■ **Task goal**
Copy out exactly the lines from the one containing "Green Leaf Patterned Natural Style Rug" to the last line of the records below, both included, and leave out any pictures.

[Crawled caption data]
-- Opening Marker --
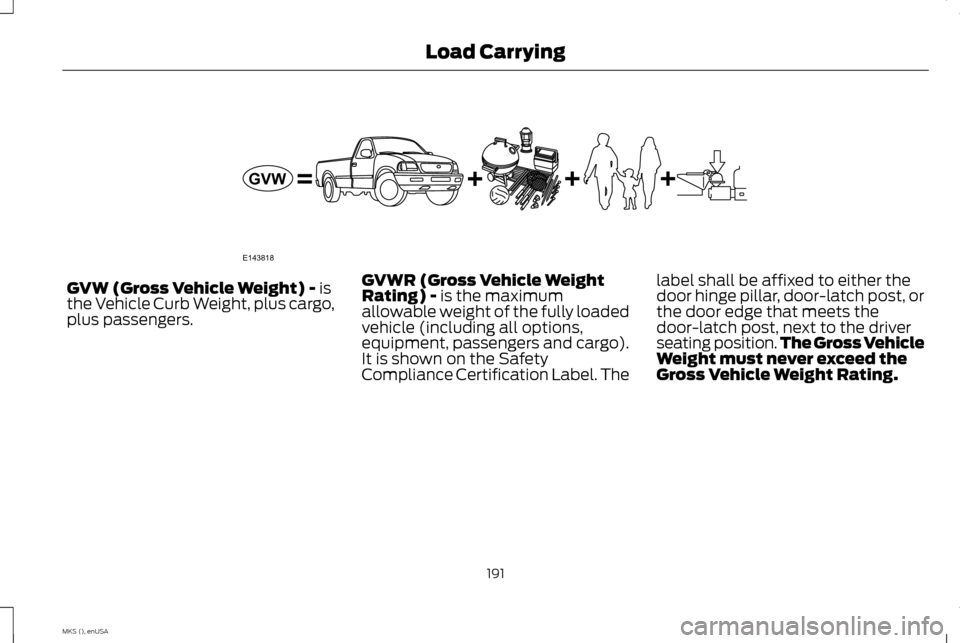 LINCOLN MKS 2015 Owners Manual GVW (Gross Vehicle Weight) - is
the Vehicle Curb Weight, plus cargo,
plus passengers. GVWR (Gross Vehicle Weight
Rating) - is the maximum
allowable weight of the fully loaded
vehicle (including all op LINCOLN MKS 2015 Owners Manual GVW (Gross Vehicle Weight) - is
the Vehicle Curb Weight, plus cargo,
plus passengers. GVWR (Gross Vehicle Weight
Rating) - is the maximum
allowable weight of the fully loaded
vehicle (including all op
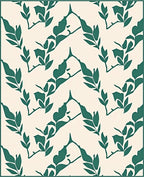 Green Leaf Patterned Natural Style Rug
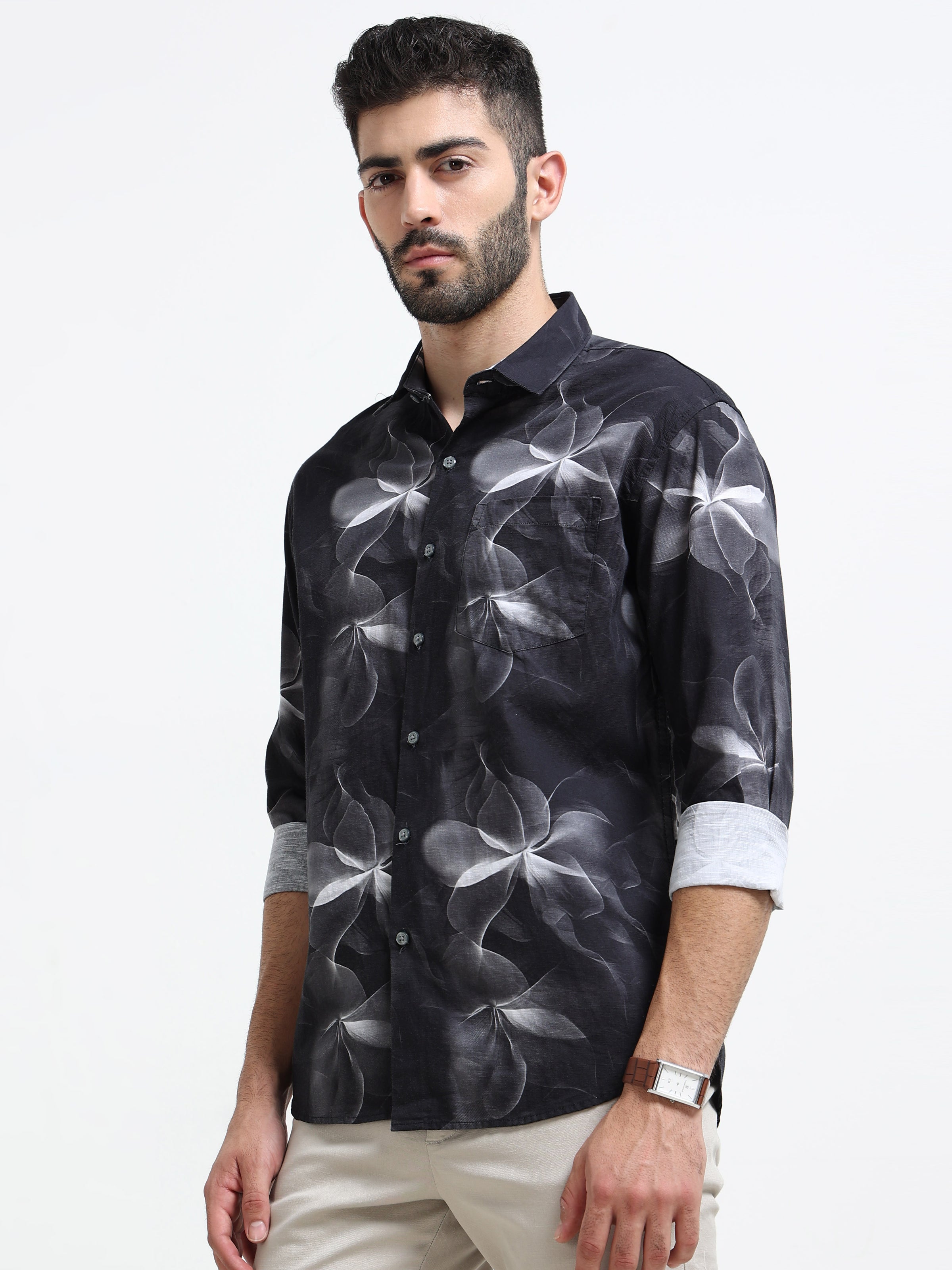 Black Abstract floral print Slim Fit Cotton Casual Shirts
-- Closing Marker --
■ **Result of the exercise**
 Green Leaf Patterned Natural Style Rug
 Black Abstract floral print Slim Fit Cotton Casual Shirts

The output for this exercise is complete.